Dr. Ole Schröder, Parl. Staatssekretär beim Bundesminister
des Innern:
Sie können es weiter versuchen, aber ich werde keine
Details zur Arbeit des Bundesamts für Verfassungsschutz
preisgeben.

Vizepräsident Eduard Oswald:
Wir kommen damit zur Frage 21:
Wie viel Geld wird vonseiten des BfV für den Einsatz von
V-Leuten in der Szene der extremen Rechten jährlich ausgegeben
(bitte für die letzten fünf Jahre angeben)?
Bitte schön, Herr Staatssekretär.

Dr. Ole Schröder, Parl.

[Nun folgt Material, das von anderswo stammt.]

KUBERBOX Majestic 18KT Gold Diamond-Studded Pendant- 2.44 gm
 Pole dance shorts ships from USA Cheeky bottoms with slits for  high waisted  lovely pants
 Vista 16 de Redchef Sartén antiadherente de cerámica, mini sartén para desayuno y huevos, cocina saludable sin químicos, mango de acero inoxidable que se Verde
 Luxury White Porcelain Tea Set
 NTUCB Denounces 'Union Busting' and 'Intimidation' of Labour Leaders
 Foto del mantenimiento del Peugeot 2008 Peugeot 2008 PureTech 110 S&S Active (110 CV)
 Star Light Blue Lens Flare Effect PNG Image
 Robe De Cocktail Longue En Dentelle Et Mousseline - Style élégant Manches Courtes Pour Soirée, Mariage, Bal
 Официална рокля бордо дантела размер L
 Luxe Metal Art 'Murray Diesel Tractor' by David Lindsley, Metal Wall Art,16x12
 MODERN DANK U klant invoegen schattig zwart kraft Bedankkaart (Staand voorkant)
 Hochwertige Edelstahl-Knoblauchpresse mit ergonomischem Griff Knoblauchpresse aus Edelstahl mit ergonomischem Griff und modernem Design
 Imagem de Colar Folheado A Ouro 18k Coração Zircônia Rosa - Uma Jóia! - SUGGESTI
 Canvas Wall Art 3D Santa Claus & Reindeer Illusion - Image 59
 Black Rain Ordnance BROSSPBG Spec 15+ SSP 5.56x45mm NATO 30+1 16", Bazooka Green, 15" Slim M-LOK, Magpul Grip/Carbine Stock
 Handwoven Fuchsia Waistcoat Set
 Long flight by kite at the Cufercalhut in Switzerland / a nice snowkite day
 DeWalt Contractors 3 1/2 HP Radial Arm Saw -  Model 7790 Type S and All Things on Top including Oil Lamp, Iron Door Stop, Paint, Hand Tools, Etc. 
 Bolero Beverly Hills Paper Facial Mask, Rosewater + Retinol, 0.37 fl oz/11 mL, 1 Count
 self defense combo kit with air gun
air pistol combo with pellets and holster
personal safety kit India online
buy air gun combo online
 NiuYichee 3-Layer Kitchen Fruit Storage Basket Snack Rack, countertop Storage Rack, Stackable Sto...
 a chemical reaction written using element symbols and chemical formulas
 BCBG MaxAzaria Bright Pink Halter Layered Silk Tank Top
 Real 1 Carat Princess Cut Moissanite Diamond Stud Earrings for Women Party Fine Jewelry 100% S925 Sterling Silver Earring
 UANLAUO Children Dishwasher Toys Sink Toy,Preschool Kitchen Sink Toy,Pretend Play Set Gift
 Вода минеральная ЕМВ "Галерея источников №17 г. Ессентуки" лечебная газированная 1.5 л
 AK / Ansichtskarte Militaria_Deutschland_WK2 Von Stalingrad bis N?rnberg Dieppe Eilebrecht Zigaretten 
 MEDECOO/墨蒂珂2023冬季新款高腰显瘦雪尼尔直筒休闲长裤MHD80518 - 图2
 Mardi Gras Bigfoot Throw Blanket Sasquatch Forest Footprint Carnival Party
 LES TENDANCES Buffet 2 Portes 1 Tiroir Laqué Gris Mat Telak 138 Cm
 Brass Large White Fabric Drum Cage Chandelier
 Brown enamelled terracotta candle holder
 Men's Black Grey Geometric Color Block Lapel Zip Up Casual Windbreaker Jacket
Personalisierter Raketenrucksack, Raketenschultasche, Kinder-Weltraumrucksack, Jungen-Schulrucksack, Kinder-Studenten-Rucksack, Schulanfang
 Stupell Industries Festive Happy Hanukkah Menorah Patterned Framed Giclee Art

Staatssekretär beim Bundesminister
des Innern:
Ich hatte bereits beide Fragen beantwortet, indem ich
darauf hingewiesen habe, dass ich darauf keine Hinweise
geben kann.

Vizepräsident Eduard Oswald:
Frau Jelpke will es trotzdem nicht unversucht lassen
und hat ihre erste Nachfrage.

Ulla Jelpke (DIE LINKE):
Ja, genau. Ich meine, dass die Öffentlichkeit ein
Recht hat, zu erfahren, wie viel Geld vom Verfassungsschutz
gezahlt wird. Es sind schließlich Steuergelder, die
dafür ausgegeben werden.
(Iris Gleicke [SPD]: So ist das!)
Meine Nachfrage bezieht sich darauf, wie das Bundesamt
für Verfassungsschutz verhindern will, dass VLeute
vom Staat Gelder bekommen, die sie dann wieder
in die Nazi-Szene investieren.

Dr. Ole Schröder, Parl. Staatssekretär beim Bundesminister
des Innern:
Der Verfassungsschutz hat hierfür Mechanismen, indem
jede einzelne Aussage selbstverständlich kontrolliert
und evaluiert wird. Mehr kann ich hierzu aber nicht
sagen.

Vizepräsident Eduard Oswald:
Sie haben eine zweite Nachfrage.

Ulla Jelpke (DIE LINKE):
Sie können sich vorstellen, Herr Präsident, dass ich
mit diesen Antworten nicht einverstanden bin, weil ich
meine, dass es gerade in dieser Situation ein öffentliches
Interesse besonderer Art gibt. Es gibt Fälle aus der gesamten
Republik, in denen sich V-Leute offen dazu bekannt
haben, dass sie den Verfassungsschutz ausgespäht
und die Gelder, die sie erhalten haben, wieder in die
Szene investiert haben, um entsprechende Nazi-Strukturen
aufzubauen. Sind Sie bereit, uns darüber Auskunft zu
geben?

Dr. Ole Schröder, Parl. Staatssekretär beim Bundesminister
des Innern:
Was Sie beschreiben, muss unbedingt verhindert
werden. Das Bundesamt für Verfassungsschutz hat entsprechende
Instrumentarien. Ich kann hier aber keine
weiteren Auskünfte darüber geben, weil wir in der Öffentlichkeit
nicht über die Arbeitsweise der Nachrichtendienste
reden. Dafür gibt es das Parlamentarische Kontrollgremium.